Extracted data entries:
┌──

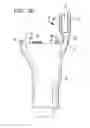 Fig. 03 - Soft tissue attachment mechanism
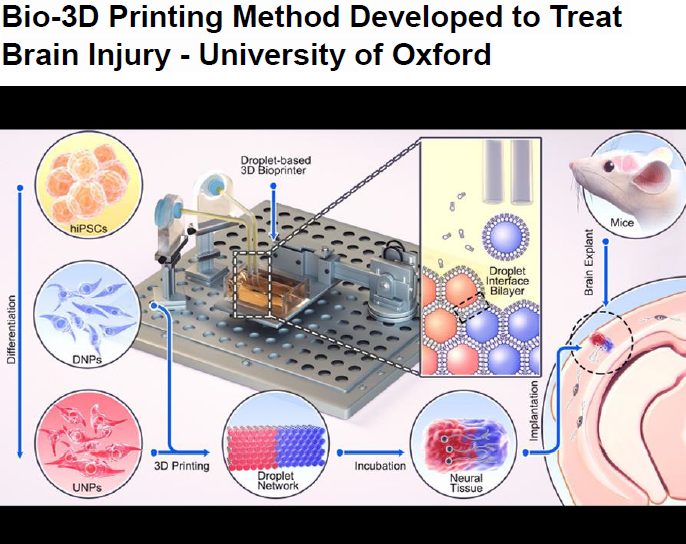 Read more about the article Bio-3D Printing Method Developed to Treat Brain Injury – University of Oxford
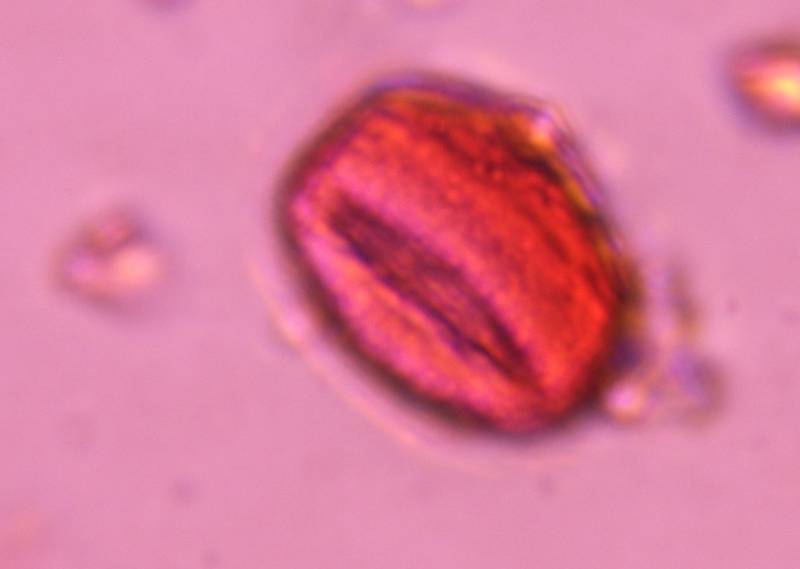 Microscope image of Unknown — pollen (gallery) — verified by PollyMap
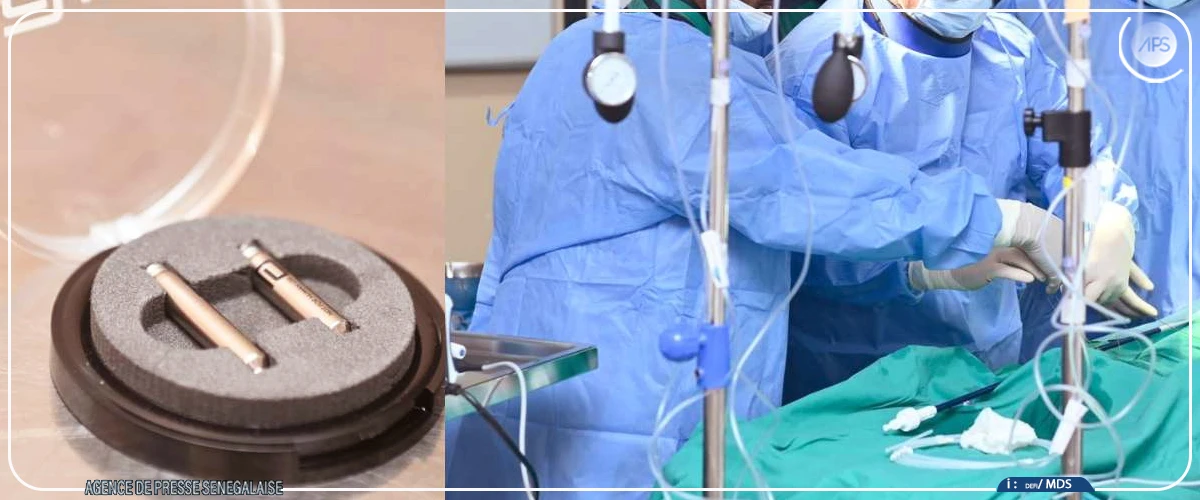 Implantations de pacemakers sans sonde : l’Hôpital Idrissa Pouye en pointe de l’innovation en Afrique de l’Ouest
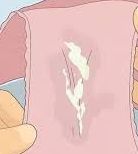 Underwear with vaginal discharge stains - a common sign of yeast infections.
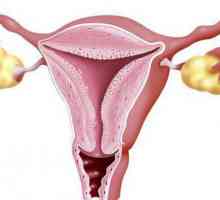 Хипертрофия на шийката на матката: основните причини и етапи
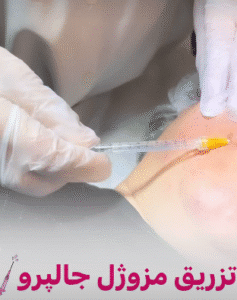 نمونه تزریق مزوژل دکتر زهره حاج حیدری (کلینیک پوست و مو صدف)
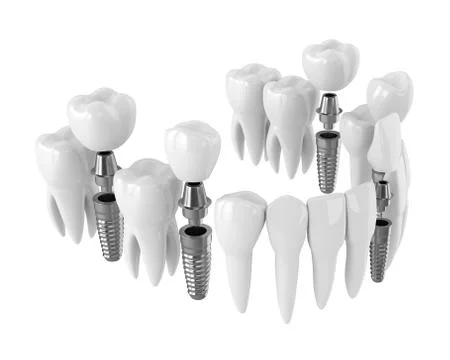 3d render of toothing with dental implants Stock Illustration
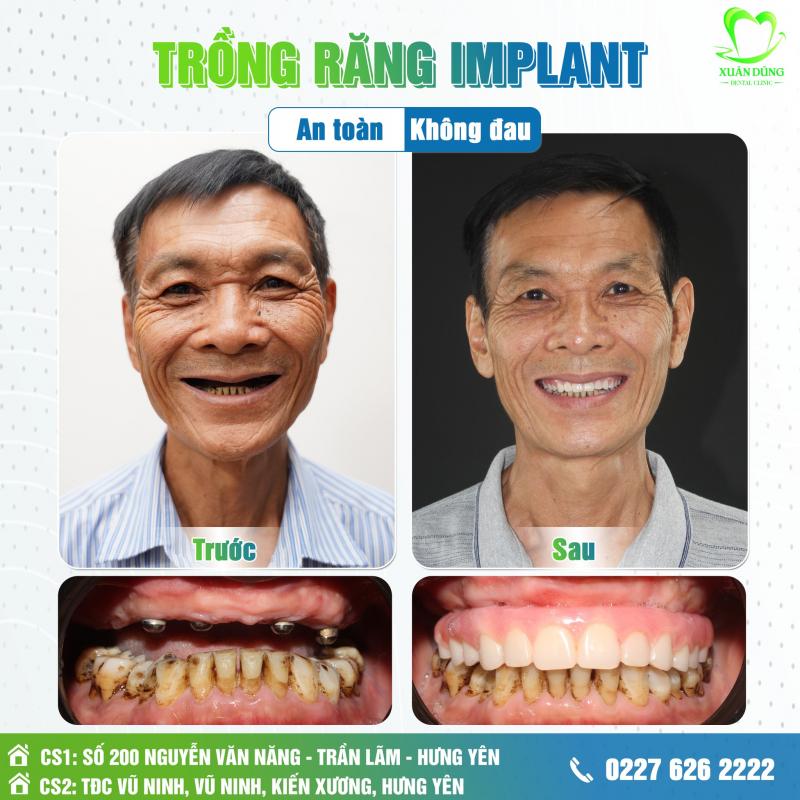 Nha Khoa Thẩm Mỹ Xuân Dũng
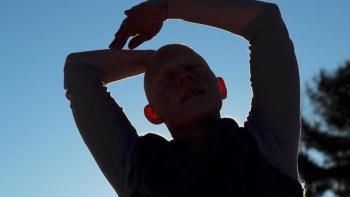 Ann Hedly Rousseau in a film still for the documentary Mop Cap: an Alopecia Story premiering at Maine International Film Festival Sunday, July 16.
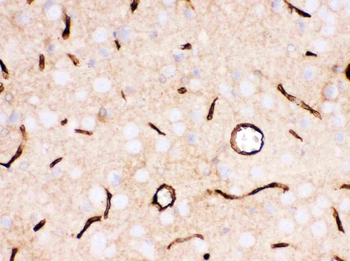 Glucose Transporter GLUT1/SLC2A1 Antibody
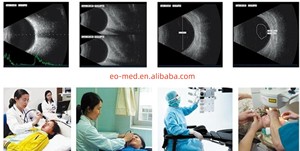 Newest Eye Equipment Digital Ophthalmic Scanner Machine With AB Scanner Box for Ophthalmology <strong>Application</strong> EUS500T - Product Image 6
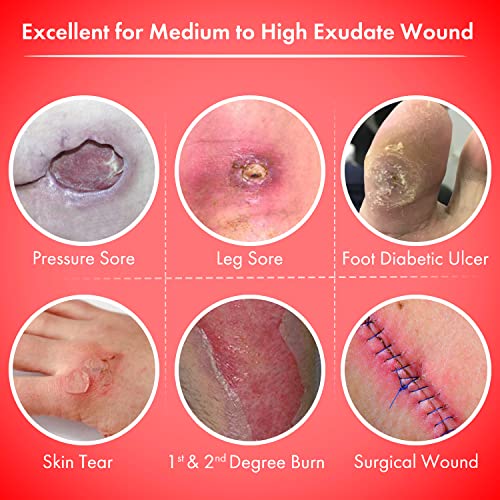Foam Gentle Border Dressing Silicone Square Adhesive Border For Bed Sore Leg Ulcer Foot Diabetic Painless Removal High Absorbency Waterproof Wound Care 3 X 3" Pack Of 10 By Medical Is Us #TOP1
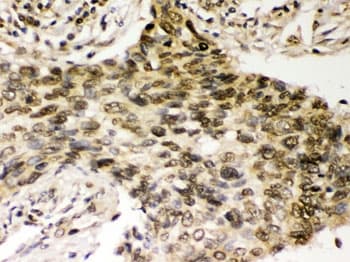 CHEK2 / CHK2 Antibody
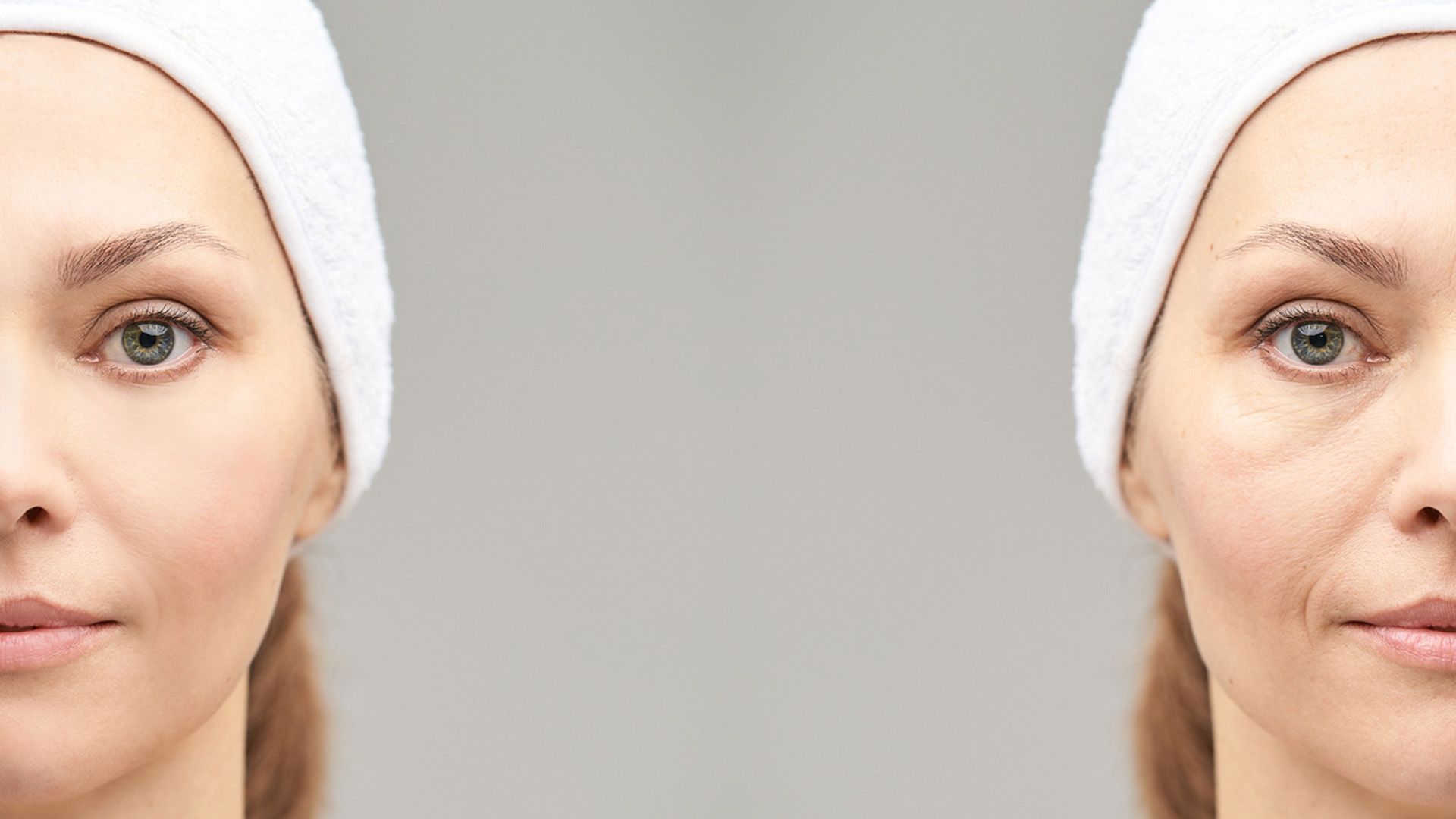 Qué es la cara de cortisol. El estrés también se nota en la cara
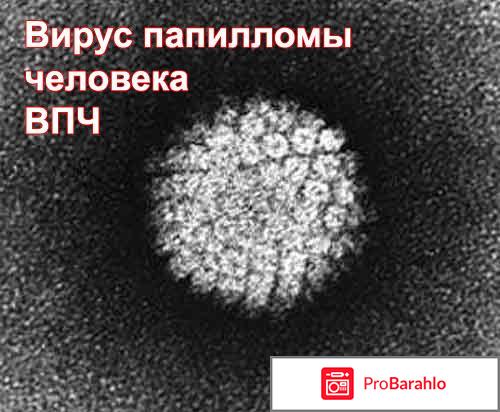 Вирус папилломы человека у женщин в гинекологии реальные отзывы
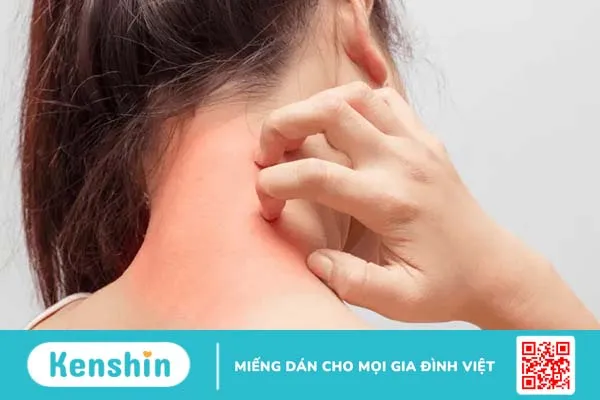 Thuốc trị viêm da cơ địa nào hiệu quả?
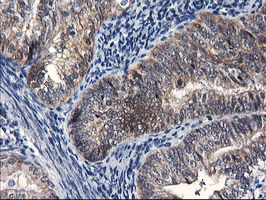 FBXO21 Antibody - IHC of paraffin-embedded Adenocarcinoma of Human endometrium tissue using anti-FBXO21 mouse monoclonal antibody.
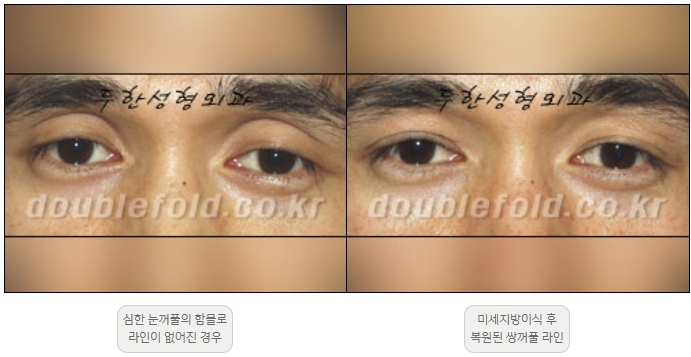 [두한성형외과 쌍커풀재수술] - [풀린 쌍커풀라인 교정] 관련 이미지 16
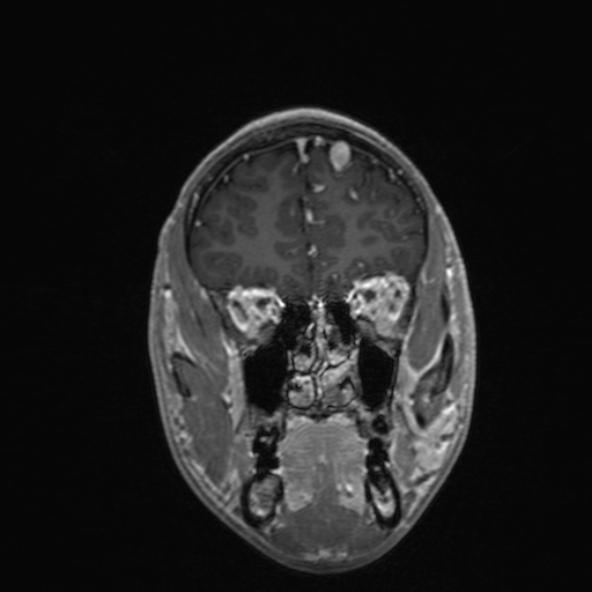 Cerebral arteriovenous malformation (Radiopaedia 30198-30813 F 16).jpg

└──

● Problem statement: What you return should match the records line for line, minus the pictures.

● Response:
 Fig. 03 - Soft tissue attachment mechanism
 Read more about the article Bio-3D Printing Method Developed to Treat Brain Injury – University of Oxford
 Microscope image of Unknown — pollen (gallery) — verified by PollyMap
 Implantations de pacemakers sans sonde : l’Hôpital Idrissa Pouye en pointe de l’innovation en Afrique de l’Ouest
 Underwear with vaginal discharge stains - a common sign of yeast infections.
 Хипертрофия на шийката на матката: основните причини и етапи
 نمونه تزریق مزوژل دکتر زهره حاج حیدری (کلینیک پوست و مو صدف)
 3d render of toothing with dental implants Stock Illustration
 Nha Khoa Thẩm Mỹ Xuân Dũng
 Ann Hedly Rousseau in a film still for the documentary Mop Cap: an Alopecia Story premiering at Maine International Film Festival Sunday, July 16.
 Glucose Transporter GLUT1/SLC2A1 Antibody
 Newest Eye Equipment Digital Ophthalmic Scanner Machine With AB Scanner Box for Ophthalmology <strong>Application</strong> EUS500T - Product Image 6
Foam Gentle Border Dressing Silicone Square Adhesive Border For Bed Sore Leg Ulcer Foot Diabetic Painless Removal High Absorbency Waterproof Wound Care 3 X 3" Pack Of 10 By Medical Is Us #TOP1
 CHEK2 / CHK2 Antibody
 Qué es la cara de cortisol. El estrés también se nota en la cara
 Вирус папилломы человека у женщин в гинекологии реальные отзывы
 Thuốc trị viêm da cơ địa nào hiệu quả?
 FBXO21 Antibody - IHC of paraffin-embedded Adenocarcinoma of Human endometrium tissue using anti-FBXO21 mouse monoclonal antibody.
 [두한성형외과 쌍커풀재수술] - [풀린 쌍커풀라인 교정] 관련 이미지 16
 Cerebral arteriovenous malformation (Radiopaedia 30198-30813 F 16).jpg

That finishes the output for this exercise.